Je dis, à la blague, que j’aurais besoin d’un.e scribe.

Le transfert des histoires me fascine. L’oralité. Les versions qui changent d’une personne à l’autre. Nos filtres et nos grilles personnelles de lecture, tous uniques. Je crée des poèmes improvisés parce que je n’ai pas la force de les écrire d’avance. Je crée des poèmes boule d’énergie et magma invisible. Ce qui se cristallise ensuite ne dépend pas de moi. Je suis déjà ailleurs.

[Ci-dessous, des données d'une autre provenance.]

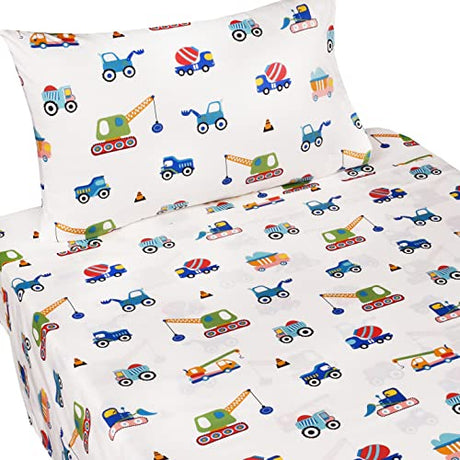 J-pinno Build Construction Engineering Vehicle Cars Trucks Crane Digger Cartoon 100% Cotton Twin 3 Pieces Sheet Set Decoration Kids Boys Children Flat Sheet + Fitted Sheet + Pillowcase Bedding Set J-pinno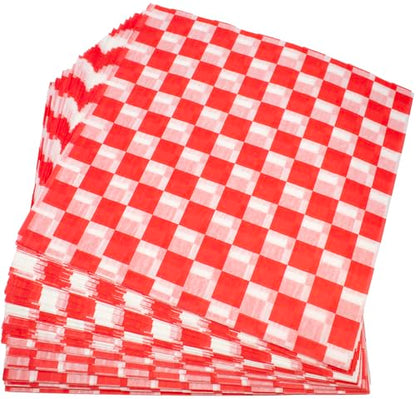 MADE IN USA 1,000 Sheets of Grease-Resistant Food Grade Waxed Kraft Deli Tissue Paper, 12" X 12" (Red Checker Print) - color: Red Checker Print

Je suis cette personne qui fait la vaisselle à 22 heures et qui se couche après tout le monde. Je suis cette personne qui avait prévu une collation, un bandage, un vêtement de rechange. Et quand il manque un de ces items, je m’en veux. Mauvaise mère.

Mauvaise mère.

Je traine toujours un bagage sur mon dos, dans un vieux sac. Au cas où. De la même manière que mes histoires. Quand il n’y en a pas, de poème, je fais avec ce que j’ai. Ça commence par l’écoute. Par les images emmagasinées par le subconscient. Mon garde-manger plein de conserves, pour les mauvais jours. Je performe sur demande, comme on consolerait un enfant en pleurs. Chut. Chut.

Pas de projet à long terme, avec échéancier. Quatre semaines par mois, des factures à payer. Une obstination à continuer, au quotidien. On me dit que ce que je crée est nécessaire alors je continue. Le jour où on me dira de dégager, ce sera fini. La poésie a le droit de pourrir et moi aussi, avec mon corps anecdotique.

J’ai longtemps travaillé dans un dépanneur. Je vous raconterai peut-être ça, la prochaine fois. Ça dépendra de vous. Quelle histoire aimeriez-vous lire? Ou plutôt, me conter?

J’écoute. Je vous vois. Je vous lis. On fait ça ensemble ok?

Il est temps de rassembler les feuillets d’un livre qui existe déjà. A vous de jouer, scribes. Écrivez-moi comme si je vous coupais les cheveux. Je vous tendrai ensuite le miroir.